Verwirklichung sagt mir,
mein Gott sei mein
Befreiungs-Vater.
Einssein mit Gott sagt mir,
mein Gott sei mein
Vollkommenheits-Freund.
Gott ist zugleich unser göttlicher Vater und unsere göttliche Mutter. Im Westen steht Gott der Vater an erster Stelle, während im Osten, besonders in Indien, Gott die Mutter zuerst kommt. Sowohl der Osten als auch der Westen haben Recht. Wenn wir Gott den Vater verwirklichen, werden wir unweigerlich auch Gott die Mutter in Ihm sehen. Verwirklichen wir hingegen Gott die Mutter, sehen wir auch Gott den Vater in Ihr.
Wenn wir uns Gott dem Vater nähern, fühlen wir Seine Weisheit, Sein inneres Licht, Seine Weite. Nähern wir uns Gott der Mutter, so fühlen wir Ihre unendliche Liebe, Ihr unendliches Mitgefühl, Ihre unendliche Fürsorge. Das bedeutet nicht, dass Gott der Vater kein Mitgefühl hätte. Er besitzt es genauso, aber Gott drückt Liebe, Mitgefühl und Fürsorge mehr durch die weibliche als durch die männliche Form aus. In der männlichen Form hingegen schenkt Er uns Weisheit, Licht und Weite.
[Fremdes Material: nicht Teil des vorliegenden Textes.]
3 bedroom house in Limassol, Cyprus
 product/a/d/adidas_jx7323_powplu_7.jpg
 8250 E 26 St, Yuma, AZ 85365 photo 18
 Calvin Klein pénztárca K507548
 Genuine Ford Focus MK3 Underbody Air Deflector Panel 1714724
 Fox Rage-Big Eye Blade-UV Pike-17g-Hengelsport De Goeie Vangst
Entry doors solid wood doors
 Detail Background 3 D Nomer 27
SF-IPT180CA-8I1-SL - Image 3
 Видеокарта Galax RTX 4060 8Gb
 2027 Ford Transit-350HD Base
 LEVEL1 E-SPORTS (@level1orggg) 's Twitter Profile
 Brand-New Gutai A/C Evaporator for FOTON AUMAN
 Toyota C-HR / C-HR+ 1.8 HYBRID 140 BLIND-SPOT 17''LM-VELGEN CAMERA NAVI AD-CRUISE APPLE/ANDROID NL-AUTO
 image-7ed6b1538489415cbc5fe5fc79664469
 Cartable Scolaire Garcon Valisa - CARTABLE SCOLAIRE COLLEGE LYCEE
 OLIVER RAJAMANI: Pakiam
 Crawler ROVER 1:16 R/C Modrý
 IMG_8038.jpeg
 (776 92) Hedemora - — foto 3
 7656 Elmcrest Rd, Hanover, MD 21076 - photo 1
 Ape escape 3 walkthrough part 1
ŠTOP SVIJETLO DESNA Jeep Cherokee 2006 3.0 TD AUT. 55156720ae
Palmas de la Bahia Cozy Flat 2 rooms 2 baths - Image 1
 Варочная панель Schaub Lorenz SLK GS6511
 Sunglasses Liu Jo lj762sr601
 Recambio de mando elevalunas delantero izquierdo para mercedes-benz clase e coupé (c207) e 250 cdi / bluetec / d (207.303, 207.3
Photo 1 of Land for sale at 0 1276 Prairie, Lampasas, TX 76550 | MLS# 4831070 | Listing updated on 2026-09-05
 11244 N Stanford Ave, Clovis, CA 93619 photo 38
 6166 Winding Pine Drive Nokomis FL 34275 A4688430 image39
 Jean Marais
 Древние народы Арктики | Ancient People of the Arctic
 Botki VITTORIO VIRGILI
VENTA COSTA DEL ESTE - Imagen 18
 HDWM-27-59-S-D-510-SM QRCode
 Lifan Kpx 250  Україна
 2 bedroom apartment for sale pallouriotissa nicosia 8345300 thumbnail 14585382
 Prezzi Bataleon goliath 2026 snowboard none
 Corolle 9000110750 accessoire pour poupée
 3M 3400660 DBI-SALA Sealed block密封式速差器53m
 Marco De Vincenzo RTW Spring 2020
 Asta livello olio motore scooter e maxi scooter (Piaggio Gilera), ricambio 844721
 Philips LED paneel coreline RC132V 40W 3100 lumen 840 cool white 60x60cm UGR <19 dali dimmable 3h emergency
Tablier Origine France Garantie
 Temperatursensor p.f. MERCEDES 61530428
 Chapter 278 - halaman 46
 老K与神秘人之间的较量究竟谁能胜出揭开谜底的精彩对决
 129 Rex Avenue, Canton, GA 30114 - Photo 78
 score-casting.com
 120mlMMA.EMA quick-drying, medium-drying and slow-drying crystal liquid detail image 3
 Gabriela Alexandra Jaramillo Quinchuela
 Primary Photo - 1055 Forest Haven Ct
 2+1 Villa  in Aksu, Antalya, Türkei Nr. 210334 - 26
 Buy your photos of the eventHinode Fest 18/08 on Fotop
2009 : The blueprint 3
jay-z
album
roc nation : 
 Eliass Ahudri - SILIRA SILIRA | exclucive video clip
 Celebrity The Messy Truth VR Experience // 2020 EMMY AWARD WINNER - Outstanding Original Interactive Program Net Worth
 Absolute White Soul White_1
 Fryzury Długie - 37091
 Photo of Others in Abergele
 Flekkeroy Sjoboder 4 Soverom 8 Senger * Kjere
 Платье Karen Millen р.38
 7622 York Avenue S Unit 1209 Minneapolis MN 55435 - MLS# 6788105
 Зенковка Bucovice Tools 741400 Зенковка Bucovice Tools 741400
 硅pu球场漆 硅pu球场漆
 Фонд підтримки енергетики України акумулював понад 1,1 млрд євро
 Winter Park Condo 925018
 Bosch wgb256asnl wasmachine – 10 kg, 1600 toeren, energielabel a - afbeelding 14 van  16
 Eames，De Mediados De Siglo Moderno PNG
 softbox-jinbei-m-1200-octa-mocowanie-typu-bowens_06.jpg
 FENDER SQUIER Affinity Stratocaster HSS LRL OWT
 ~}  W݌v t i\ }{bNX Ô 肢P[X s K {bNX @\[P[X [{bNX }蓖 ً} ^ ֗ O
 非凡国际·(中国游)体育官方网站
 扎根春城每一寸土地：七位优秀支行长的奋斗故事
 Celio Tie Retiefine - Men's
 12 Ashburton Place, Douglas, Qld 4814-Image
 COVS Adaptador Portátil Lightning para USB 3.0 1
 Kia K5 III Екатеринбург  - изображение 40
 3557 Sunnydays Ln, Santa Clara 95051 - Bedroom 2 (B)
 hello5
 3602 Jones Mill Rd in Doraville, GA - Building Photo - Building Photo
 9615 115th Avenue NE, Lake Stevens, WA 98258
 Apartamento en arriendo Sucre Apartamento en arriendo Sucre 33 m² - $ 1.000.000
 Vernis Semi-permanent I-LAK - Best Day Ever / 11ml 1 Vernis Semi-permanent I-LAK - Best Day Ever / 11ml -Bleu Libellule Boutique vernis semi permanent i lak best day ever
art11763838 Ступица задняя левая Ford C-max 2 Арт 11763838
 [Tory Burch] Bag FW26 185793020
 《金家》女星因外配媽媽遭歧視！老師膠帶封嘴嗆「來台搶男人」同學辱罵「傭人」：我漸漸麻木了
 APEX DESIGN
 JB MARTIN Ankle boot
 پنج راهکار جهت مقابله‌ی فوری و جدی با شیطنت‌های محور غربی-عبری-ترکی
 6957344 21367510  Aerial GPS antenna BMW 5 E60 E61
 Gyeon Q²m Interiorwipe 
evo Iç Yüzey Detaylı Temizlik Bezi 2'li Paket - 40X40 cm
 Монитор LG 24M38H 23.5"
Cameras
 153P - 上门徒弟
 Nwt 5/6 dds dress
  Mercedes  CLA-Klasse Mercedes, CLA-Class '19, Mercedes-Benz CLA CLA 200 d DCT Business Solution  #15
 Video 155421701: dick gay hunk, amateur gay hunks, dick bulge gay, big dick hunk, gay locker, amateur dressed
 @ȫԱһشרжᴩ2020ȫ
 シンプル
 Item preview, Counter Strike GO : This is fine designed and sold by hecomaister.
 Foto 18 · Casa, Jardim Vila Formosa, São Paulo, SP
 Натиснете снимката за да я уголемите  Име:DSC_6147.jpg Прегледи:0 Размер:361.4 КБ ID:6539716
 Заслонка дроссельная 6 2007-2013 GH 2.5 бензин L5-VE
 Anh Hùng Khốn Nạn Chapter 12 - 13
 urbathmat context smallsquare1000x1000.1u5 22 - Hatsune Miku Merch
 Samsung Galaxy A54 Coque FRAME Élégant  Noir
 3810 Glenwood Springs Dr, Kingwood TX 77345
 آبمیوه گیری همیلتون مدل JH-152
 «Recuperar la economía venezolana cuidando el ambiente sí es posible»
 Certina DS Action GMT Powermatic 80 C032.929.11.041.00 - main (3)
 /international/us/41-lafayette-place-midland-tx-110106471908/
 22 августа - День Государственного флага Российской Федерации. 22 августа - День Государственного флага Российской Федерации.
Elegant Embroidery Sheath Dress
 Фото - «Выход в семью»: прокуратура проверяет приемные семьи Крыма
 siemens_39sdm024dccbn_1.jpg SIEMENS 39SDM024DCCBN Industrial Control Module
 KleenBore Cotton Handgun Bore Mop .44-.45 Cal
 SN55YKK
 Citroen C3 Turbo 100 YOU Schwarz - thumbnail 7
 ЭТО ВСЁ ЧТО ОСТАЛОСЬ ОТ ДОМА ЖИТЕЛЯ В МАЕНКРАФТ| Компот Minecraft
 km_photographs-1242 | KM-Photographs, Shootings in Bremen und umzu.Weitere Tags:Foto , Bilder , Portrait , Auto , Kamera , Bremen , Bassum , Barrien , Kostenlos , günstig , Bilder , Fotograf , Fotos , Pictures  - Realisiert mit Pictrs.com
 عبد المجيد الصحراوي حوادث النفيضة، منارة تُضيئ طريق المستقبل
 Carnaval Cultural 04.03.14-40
Jede dieser göttlichen Qualitäten – Liebe, Mitleid, Fürsorge, Weite, Licht und Weisheit – spielt eine sehr bedeutsame Rolle im Leben jeder aufstrebenden Seele. Wenn wir in der Tiefe unseres Herzens Gottes Liebe, Fürsorge, Mitleid, Weisheit, Licht und Weite spüren, können wir sicher sein, dass der unerfüllte Mensch von heute schon bald zum verwirklichten, erfüllten und manifestierten Gott von morgen werden wird.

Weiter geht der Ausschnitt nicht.